ムスリムには、健康であり財力もある者は少なくとも一生に一度はメッカを訪れる義務があるという。記事のなかには「pilgrimage(ピルグリメイジ)」という単語がしきりに出てくるのだけど、これは「巡礼、行脚、精神的遍歴、人生の行路」などという意味だ。日本人も、昔は「一生に一度はお伊勢さん」などといわれ、伊勢神宮へ参ることを、皆が心のなかで大切に思い憧れていた。だから、サウジまで行くの大変じゃね? などと思いつつ、「巡礼」という言葉の精神性みたいなものは、異教徒であっても決して理解できないものではないだろう。

今年は150万人もの人がこの聖地メッカを訪れるということだが、このハッジのなかでちょっと危険視されている儀式があって、それが「ジャマラートの投石」である。悪魔を象徴している25メートルの柱3本に向かって、石を投げつけて悪魔をやっつけるという儀式だ。何百万という人が一斉に石を一箇所に投げるもんだから、そりゃあまあ危険である。毎年、死者も出てしまっているという。今年は各所に監視カメラが設置され、セキュリティも厳しくし、この「ジャマラートの投石」その他諸々、ハッジ全体でトラブルが起きないよう管理体制を強化している、というのがたぶん記事のだいたいの要約だ。

メッカにあるカーバ神殿は、写真で見るととても壮麗で美しい場所だ。夜になるとライトアップされるみたいで、幻想的でもある。アラビアン・ナイトの世界だ。建物そのものもかっこいいのだけど、そこに何百万ものムスリムが集まる写真もまた圧巻である。

前に「【日記/35】マイルドヤンキーでもシティガールでもなく」で書いたように、私には「故郷」とか「ここが私の街!」みたいな概念があまりない。わからない。だけど、そういえば今日この日記を書いていて思ったのだけど、「聖地」はわかる。
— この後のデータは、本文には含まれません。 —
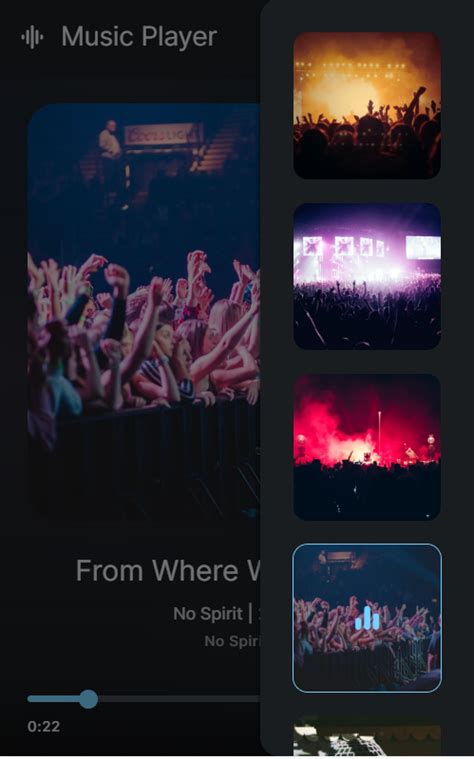Image result for Music Player Source Code in Java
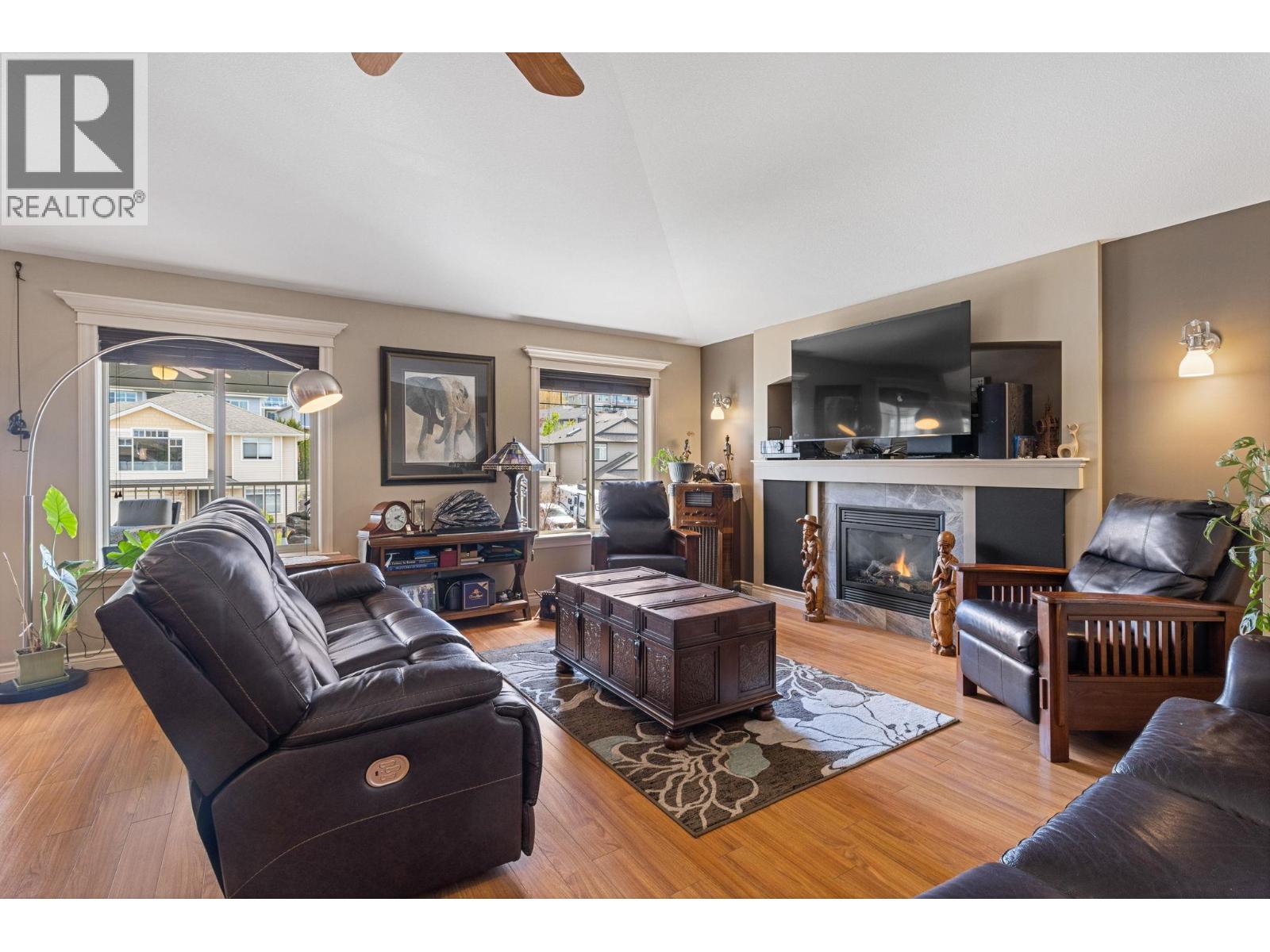534 South Crest Drive, Kelowna, British Columbia  V1W 4W8 - Photo 6 - 10385121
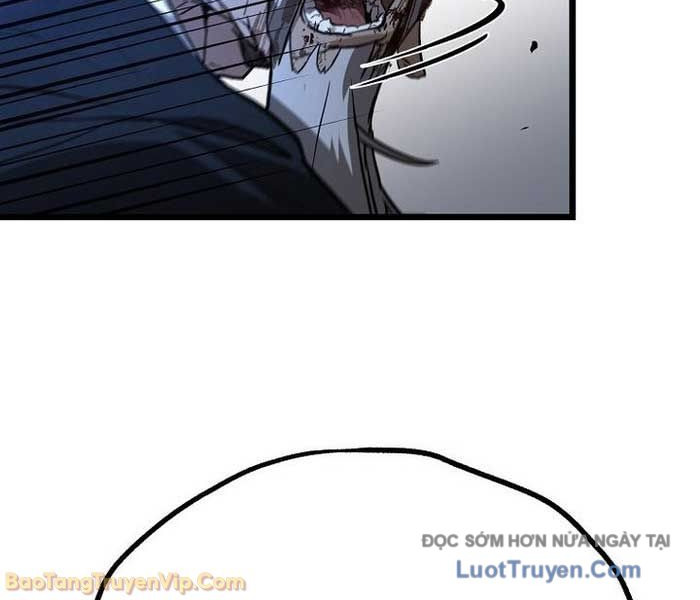 Ma Giáo Vô Song Chapter 23 - 174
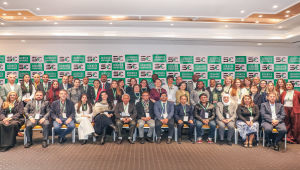 Healthcare Conferences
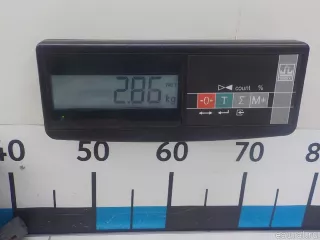 C2Z15835 Подушка безопасности пассажирская (в торпедо) Jaguar XF 250 Арт E84699545, вид 9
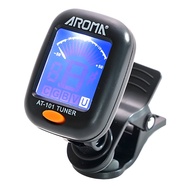 Electronic Tuner guitar Ukulele Bass Tuner guitar Musical Instrument Accessories Electronic Keyboard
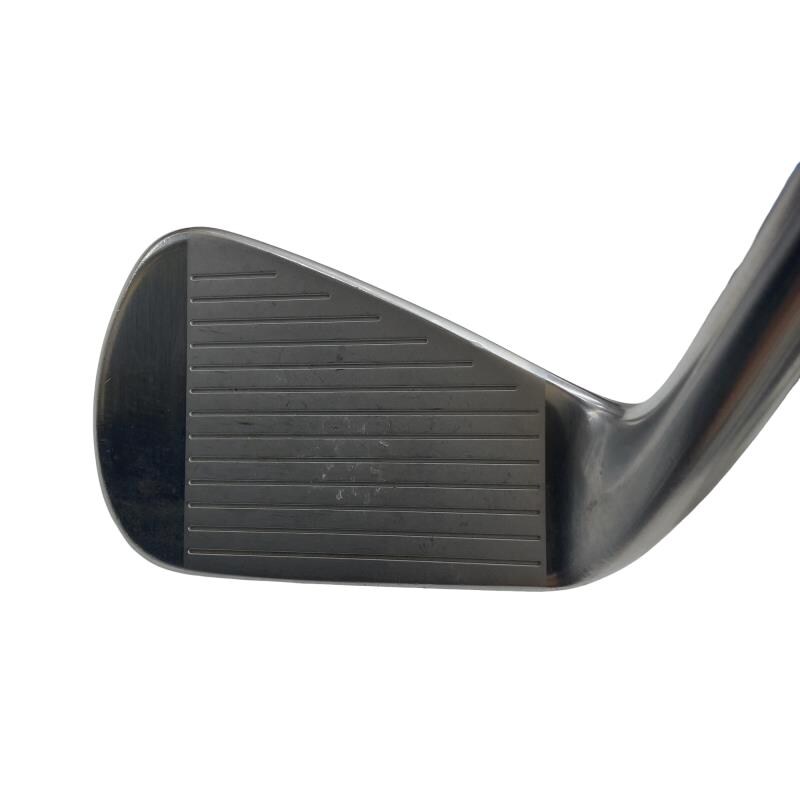 �w�@�e�n�q�f�d�c�@�r�s�`�q�i�Q�O�Q�S�j�@�U�r�i���{���F�U�{�Z�b�g�j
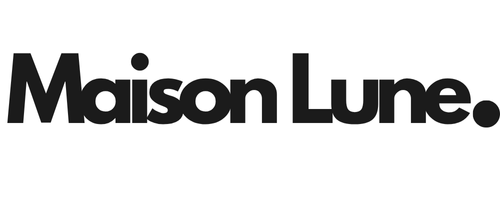Maison Lune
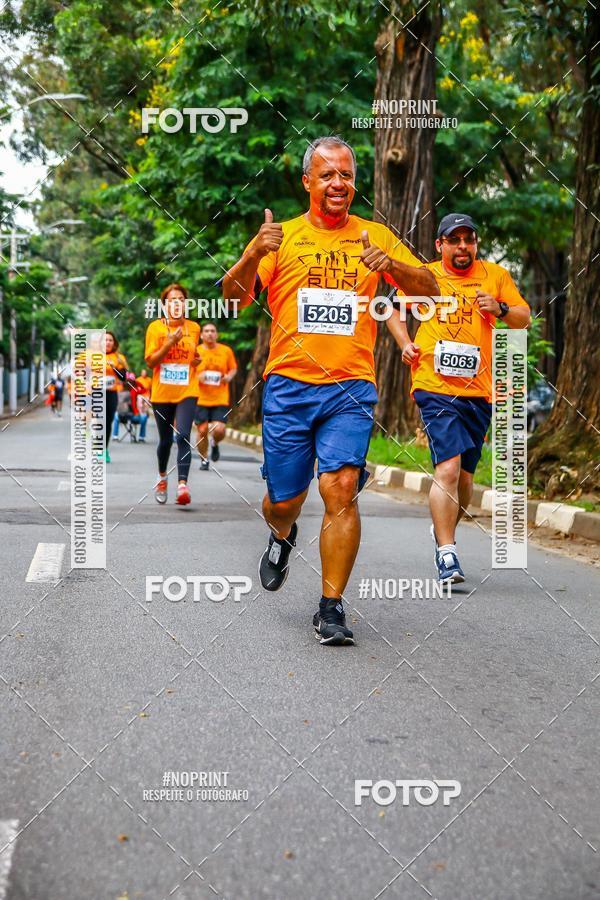 Buy your photos of the eventCity Run 2019 - Osasco on Fotop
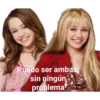 Hannah Montana 18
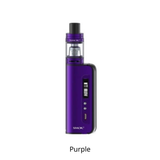  Smok Osub Baby 80w Vape Kit 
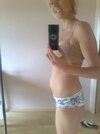 20090812357.jpg 20090812357.jpg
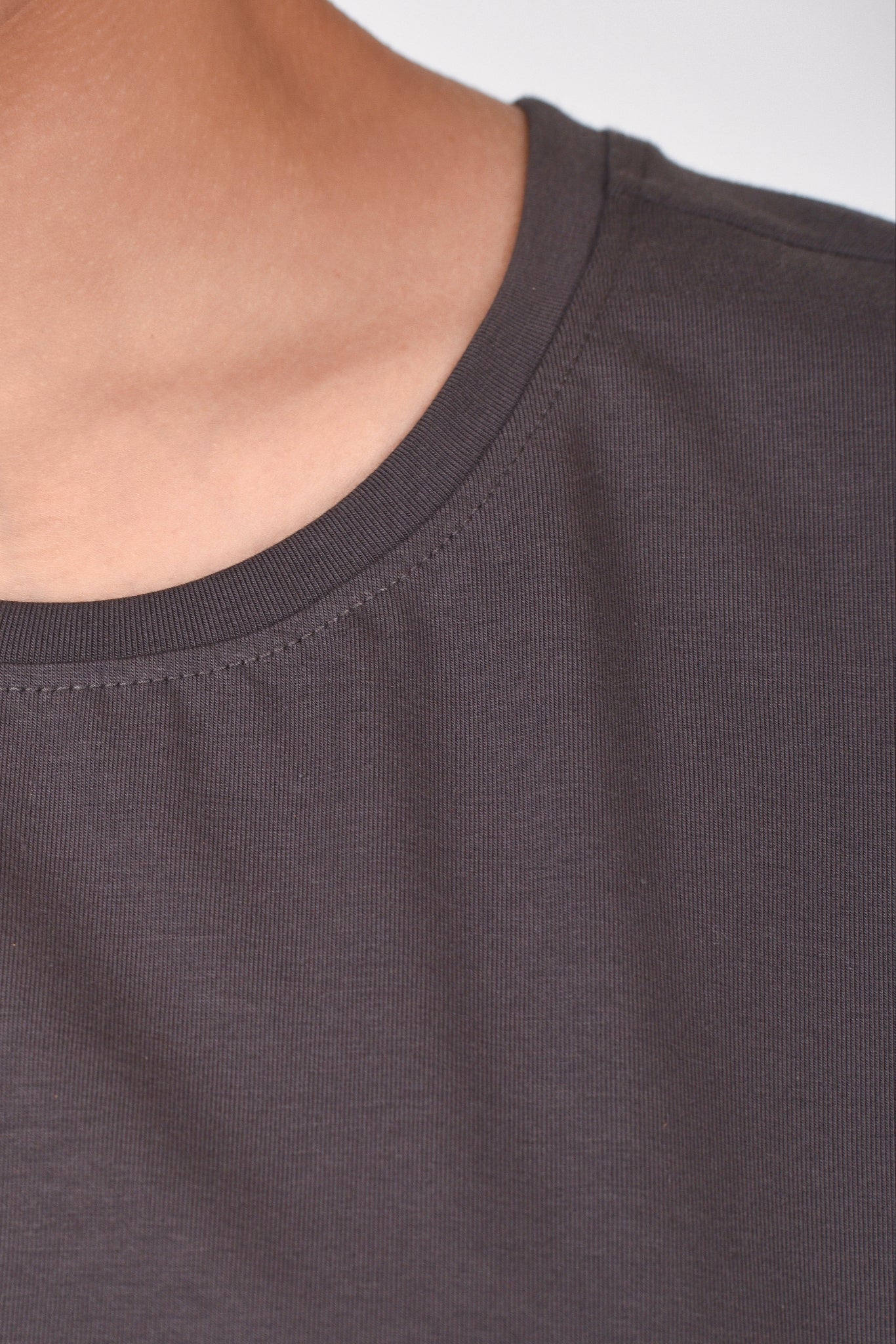 Everyday Spandex Blend Power Top Women By Brute Force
「巡礼」もわかる。今年の始めにイスラエルに行ったのは、「聖地」がこの目で見たかったからだ。聖墳墓教会、岩のドーム、嘆きの壁。それから、アメリカのメリーランド州ロックヴィルにある、スコット・フィッツジェラルドのお墓も、いつかお参りに行かないといけないなあと思っている。フィッツジェラルドが育った場所が、そして骨を埋めた場所が、どんなところなのか見てみたいのだ。フィッツジェラルドのお墓は、彼の文学を愛好する者にとっては紛れもない「聖地」だ。
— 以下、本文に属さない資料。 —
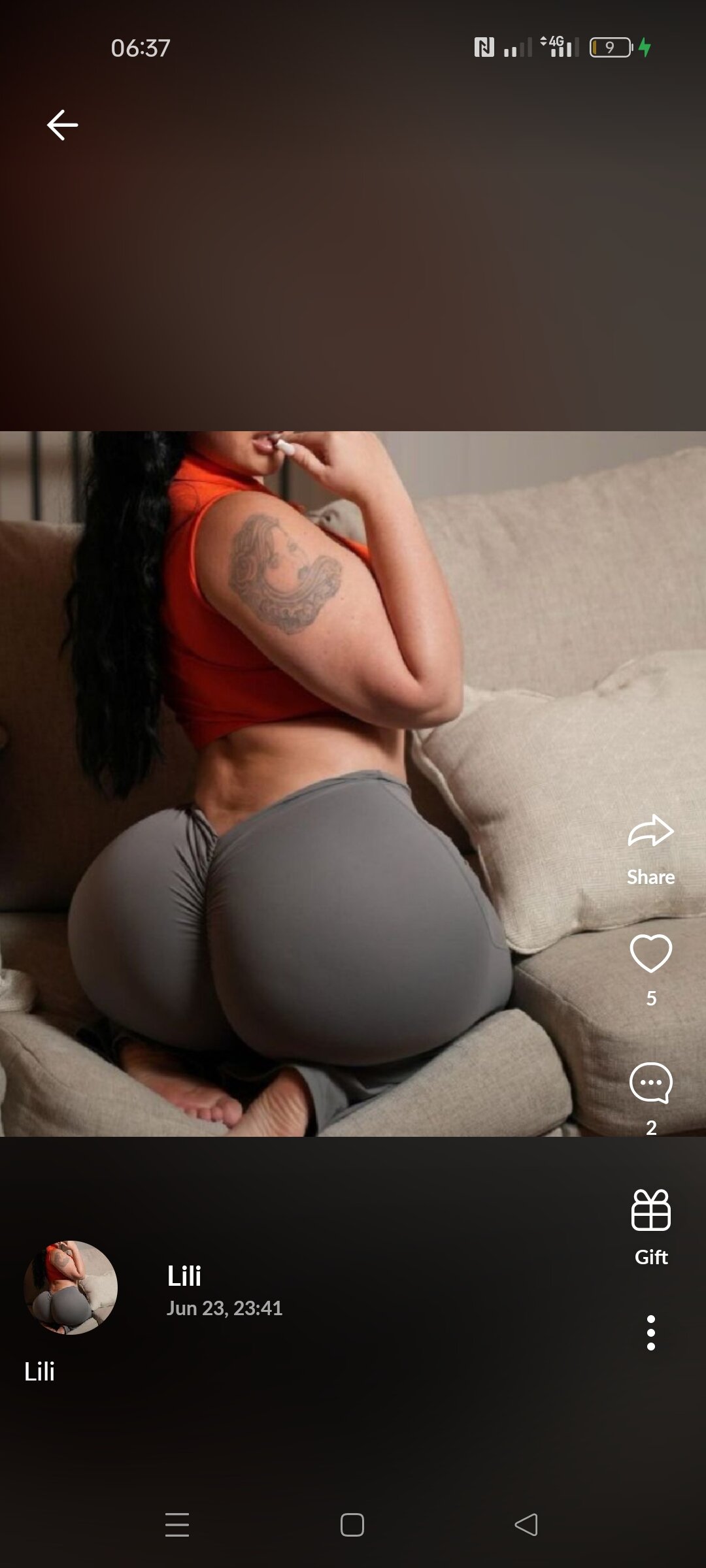 dayana87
「故郷」「聖地」「今わたしが住んでいるまち」。あなたにとっていちばん、心の拠り所になっている場所はどこだろうか。全部、という人もいるだろうし、1個もないよ、という人だっているだろう。

私の心の拠り所は、そう考えるとやはり「聖地」かもしれない。故郷も今の場所もよくわからないけど、聖地はわかる。上の日記では「世界に特別な場所なんてどこにもない」などと書いてしまったけど、やっぱりあるのかもしれない。

最後についでにメモ。KindleUnlimitedのなかに文藝春秋の特集『大世界史』が入っているのだけど、このなかに、『「イスラム国」指導者の歴史観」』という記事がある。
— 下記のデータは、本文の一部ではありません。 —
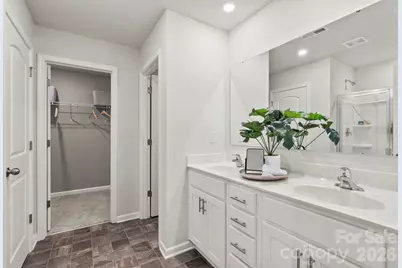 361 Ladue Lane, Salisbury, NC 28147 - Photo 20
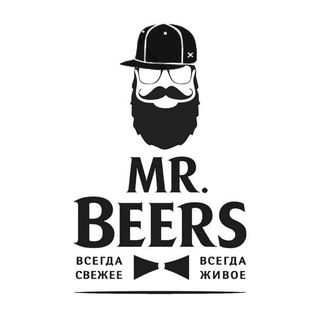 Mr.Beers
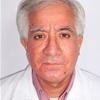 Jorge Cruz Valverde Ocaña, Ginecólogo Lima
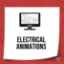 Picture of Electrical Animations - Download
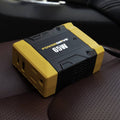 DAS DIST auto part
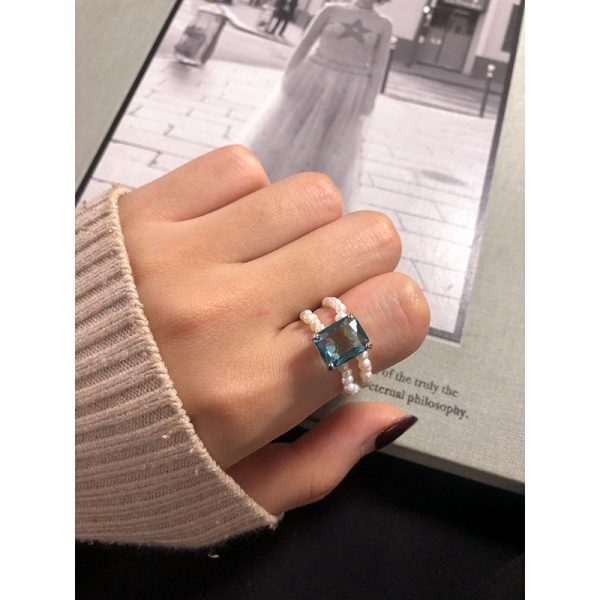 Josine Ring - Image 4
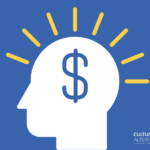 Desafios Financeiros e Saúde Mental - Como fugir de problemas financeiros - Neuroeconomia - Site Cultura Alternativa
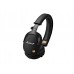 Наушники с микрофоном Marshall Monitor Bluetooth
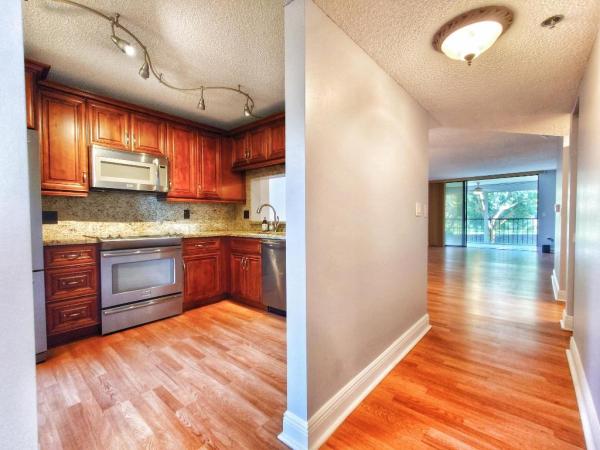 Club Royale, 6530 Boca Del Mar Dr #231, Boca Raton, Florida 33433, image 1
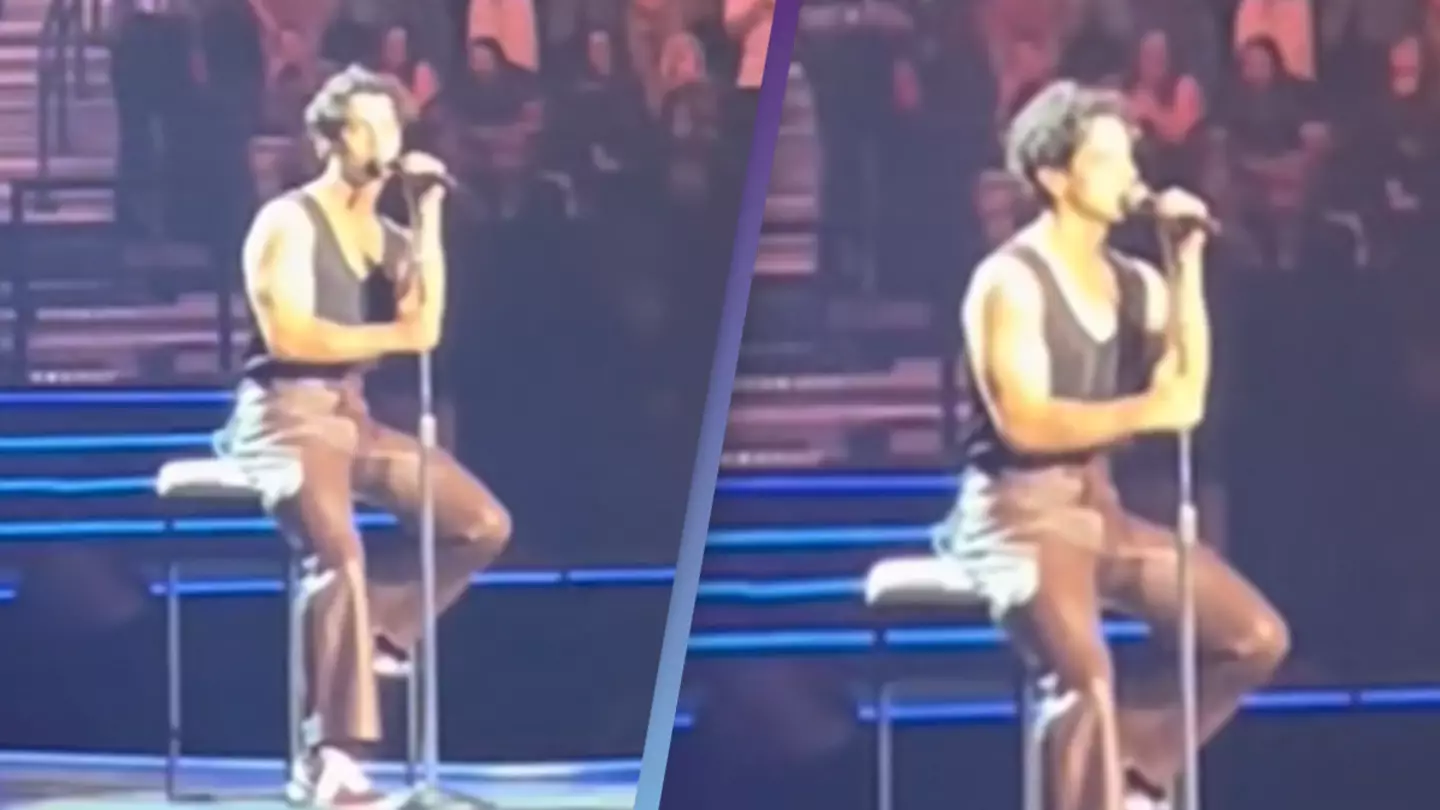 Joe Jonas tells parents ‘best of luck’ amid custody battle with Sophie Turner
アラブ民族は、非アラブのセルジューク=トルコ、オスマン帝国からの支配を受け、さらに西洋列強による植民地支配によって分断されてきた。この屈辱は、アラブ民族が統一されていなかったからこそ受けたもので、革命を起こしてこの状態から抜け出さなければならない。まずは帝国主義によって操られる傀儡政権を打倒し、国王とその取り巻きから私有財産を取り上げ、国有化し、民衆に再分配しなければならない。

……みたいなことを、アラブ諸国の知識階級のなかには考えている人がいるらしくて、具体的な人物名をあげるとフセインとか、カダフィとかがそれに該当したらしい。だからなんか、社会主義の思想とマッチするのだとかなんとか。

メモだから今日の記事とは別に関係ないのだけど、どこかに書かないと忘れちゃいそうなのでここに書いておく。